ミカサは、ほんの一瞬だけ視線を落とした。
「……ジラから、誰にも言わないでって言われた、事がある」
「……」
息を飲む。喉がざらついた。
「でも、それと今回のことは、たぶん関係ない。……と思う」
「また、たぶんかよ」
自分でも情けない声だと分かる。
ミカサはそれには答えず、息をひとつ吐いた。
「ジャンが必死なのは分かる。でも、今は――」
そこで、ミカサの動きが一瞬だけ止まった。
「……ミカサ?」
呼びかけた時には、もう遅かった。
視線を前に戻したミカサの目が、わずかに見開かれる。
その先――
さっきまで歩いていたはずのエレンの背中が、消えていた。
「……っ、エレン!」
ミカサが一気に歩幅を広げる。
俺も慌ててついていく。
角。路地。
さっきと同じような道が、いくつも続いている。
人はいる。
でも、エレンの姿はどこにもない。
「嘘だろ……」
さっきまでの会話が、急に全部邪魔になった気がした。
「悪ぃ、俺――」
言いかけたところで、ミカサが短く首を振る。
「違う。

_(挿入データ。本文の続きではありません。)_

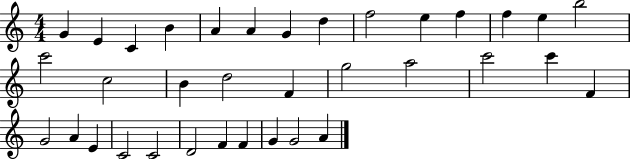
{
  \clef treble
  \numericTimeSignature
  \time 4/4
  \key c \major
  g'4 e'4 c'4 b'4 | a'4 a'4 g'4 d''4 | f''2 e''4 f''4 | f''4 e''4 b''2 | \break c'''2 c''2 | b'4 d''2 f'4 | g''2 a''2 | c'''2 c'''4 f'4 | \break g'2 a'4 e'4 | c'2 c'2 | d'2 f'4 f'4 | g'4 g'2 a'4 | \break \bar "|."
}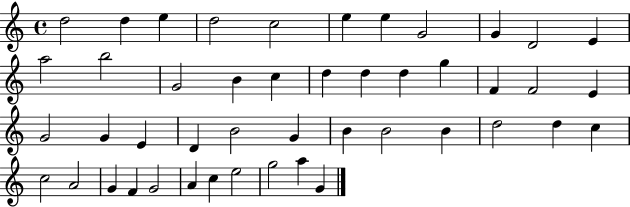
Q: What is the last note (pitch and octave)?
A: G4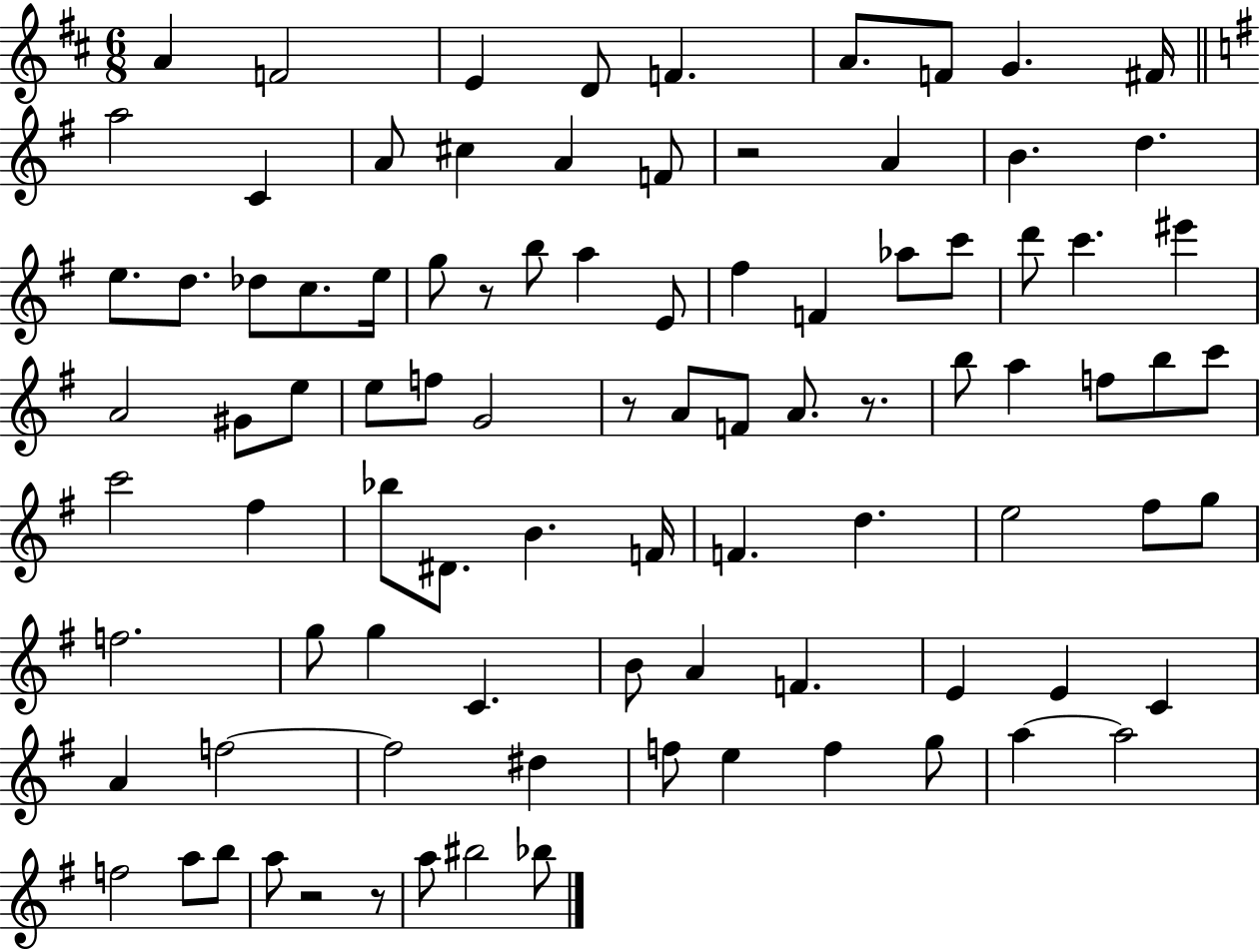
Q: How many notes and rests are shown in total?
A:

私のせい」
その声は、淡々としているのに、僅かに硬かった。
「……あの瞬間、見てなかった」
何を、とは言わない。
でも、それで十分だった。
俺が話しかけた。
ミカサが、一瞬だけそこに引っ張られた。
その一瞬の間に、エレンはどこかへ消えた。
「……クソ」
吐き捨てるように言って、俺は額を押さえた。
やっぱり、こんなことやるべきじゃなかったのか?
ミカサまで巻き込んで。
ミカサは、エレンが消えた路地を見つめる。
「追う」
短く、ミカサはそれだけ言う。
俺は今更気づいた。
そういや……。
「ミカサ、1人か?」
こういう事は、大抵アルミンもセットだろ。
ミカサは、難しい顔をした。
「……はぐれた」
あたりはますます暗くなる。
この狭い路地の中、今から見つけるのは、もう絶望的だ。
「……アルミン拾って、帰るぞ」
知能が居る。
なら、がむしゃらに探すよりは、追える確率は上がるはずだ。
嫌な予感は消えない。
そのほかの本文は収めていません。